La semaine dernière, alors que la formation du nouveau gouvernement semblait imminente, la revendication des sunnites indépendants soutenus par le Hezbollah d'obtenir un portefeuille, avait mis à terme à tous les espoirs. Cette revendication est catégoriquement rejetée par le Premier ministre désigné Saad Hariri, à Paris depuis la fin de la semaine dernière, et qui a reçu sur ce point le soutien tacite du chef de l'Etat, Michel Aoun.
Plus tôt dans la journée, ce dernier a assuré qu'il n'épargnera aucun effort afin d'éliminer toutes les entraves à la formation du gouvernement, ajoutant que "résoudre les nœuds" nécessitait du courage et de la patience, mais qu'une solution sera trouvée "parce qu'attendre est une perte de temps".

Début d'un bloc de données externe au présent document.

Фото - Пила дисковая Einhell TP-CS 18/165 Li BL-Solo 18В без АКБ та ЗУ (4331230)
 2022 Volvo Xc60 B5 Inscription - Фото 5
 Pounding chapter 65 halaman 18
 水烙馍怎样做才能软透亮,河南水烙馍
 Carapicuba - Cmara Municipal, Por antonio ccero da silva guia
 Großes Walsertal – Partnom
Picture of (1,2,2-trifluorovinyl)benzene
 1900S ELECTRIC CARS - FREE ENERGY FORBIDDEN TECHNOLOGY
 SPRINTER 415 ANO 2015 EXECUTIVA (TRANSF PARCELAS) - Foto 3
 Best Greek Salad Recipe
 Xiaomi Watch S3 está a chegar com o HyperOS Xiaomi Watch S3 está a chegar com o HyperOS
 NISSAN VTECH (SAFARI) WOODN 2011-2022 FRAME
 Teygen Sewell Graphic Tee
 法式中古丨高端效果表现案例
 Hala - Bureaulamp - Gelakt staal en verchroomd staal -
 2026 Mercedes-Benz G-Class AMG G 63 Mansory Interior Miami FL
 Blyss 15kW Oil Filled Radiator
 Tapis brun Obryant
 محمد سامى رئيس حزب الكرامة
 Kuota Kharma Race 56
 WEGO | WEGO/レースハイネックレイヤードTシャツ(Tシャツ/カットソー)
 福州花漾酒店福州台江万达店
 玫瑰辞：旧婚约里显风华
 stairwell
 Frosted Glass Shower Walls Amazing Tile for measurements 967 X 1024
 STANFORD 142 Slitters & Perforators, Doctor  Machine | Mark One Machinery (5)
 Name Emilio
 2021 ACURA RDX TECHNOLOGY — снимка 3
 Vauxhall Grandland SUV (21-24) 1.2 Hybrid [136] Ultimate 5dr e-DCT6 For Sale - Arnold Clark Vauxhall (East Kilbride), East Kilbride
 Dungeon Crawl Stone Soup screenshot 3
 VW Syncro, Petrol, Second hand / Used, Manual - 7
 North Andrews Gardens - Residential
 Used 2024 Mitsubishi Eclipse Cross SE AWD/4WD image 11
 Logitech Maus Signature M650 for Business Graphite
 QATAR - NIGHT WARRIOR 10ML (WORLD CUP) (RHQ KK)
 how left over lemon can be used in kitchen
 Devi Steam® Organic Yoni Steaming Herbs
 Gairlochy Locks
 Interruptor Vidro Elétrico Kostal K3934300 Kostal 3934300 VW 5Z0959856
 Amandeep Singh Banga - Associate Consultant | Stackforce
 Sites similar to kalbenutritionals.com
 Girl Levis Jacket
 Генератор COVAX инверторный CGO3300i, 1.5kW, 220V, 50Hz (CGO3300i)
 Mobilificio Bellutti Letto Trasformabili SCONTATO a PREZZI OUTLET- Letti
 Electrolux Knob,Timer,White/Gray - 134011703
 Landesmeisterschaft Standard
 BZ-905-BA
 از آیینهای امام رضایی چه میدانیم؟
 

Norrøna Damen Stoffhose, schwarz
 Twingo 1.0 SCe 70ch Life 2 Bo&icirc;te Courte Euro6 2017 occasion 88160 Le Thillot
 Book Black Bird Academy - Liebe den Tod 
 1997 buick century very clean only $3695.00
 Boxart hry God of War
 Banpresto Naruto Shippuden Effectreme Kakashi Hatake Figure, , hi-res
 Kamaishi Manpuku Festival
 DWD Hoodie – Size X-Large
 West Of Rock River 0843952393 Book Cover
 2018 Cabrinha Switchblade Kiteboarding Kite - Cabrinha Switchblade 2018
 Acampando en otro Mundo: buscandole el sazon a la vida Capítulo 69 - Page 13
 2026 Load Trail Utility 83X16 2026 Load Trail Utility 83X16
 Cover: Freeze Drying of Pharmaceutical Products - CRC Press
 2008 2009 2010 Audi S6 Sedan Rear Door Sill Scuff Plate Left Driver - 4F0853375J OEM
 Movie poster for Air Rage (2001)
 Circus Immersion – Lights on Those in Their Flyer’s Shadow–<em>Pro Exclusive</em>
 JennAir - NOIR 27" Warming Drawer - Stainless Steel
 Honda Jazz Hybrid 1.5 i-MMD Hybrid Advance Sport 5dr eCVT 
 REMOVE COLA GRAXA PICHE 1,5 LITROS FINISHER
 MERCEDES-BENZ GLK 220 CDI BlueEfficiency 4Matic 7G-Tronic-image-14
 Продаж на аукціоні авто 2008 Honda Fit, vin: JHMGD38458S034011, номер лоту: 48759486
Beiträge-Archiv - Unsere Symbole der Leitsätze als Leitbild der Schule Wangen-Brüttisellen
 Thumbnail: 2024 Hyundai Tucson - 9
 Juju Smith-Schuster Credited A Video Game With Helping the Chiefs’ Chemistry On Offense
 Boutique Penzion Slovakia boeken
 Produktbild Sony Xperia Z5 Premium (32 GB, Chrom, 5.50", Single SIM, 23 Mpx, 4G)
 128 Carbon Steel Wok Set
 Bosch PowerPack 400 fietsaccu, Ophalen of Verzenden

La nuit dernière, le leader du Hezbollah et le chef du Courant patriotique libre Gebran Bassil se sont entretenus du "nœud sunnite". Les deux parties se sont accordés sur l'importance de "renforcer l'unité nationale" et d'éviter au pays une "provocation communautaire". Quelques heures plus tôt, M. Bassil avait annoncé que le CPL œuvrait à trouver une solution au "nœud sunnite-chiite", estimant que "personne ne peut accaparer la représentation d’une communauté".
Le même jour, les six députés sunnites pro-8 Mars avaient réaffirmé que "la seule et unique solution" au "nœud sunnite" était de leur attribuer un portefeuille ministériel, appelant le président Aoun, qui les a reçus au palais de Baabda, à essayer de convaincre Saad Hariri.
Jeudi, le numéro deux du Hezbollah, cheikh Naïm Kassem, avait rejeté la responsabilité du blocage dans la formation du gouvernement sur le Premier ministre désigné.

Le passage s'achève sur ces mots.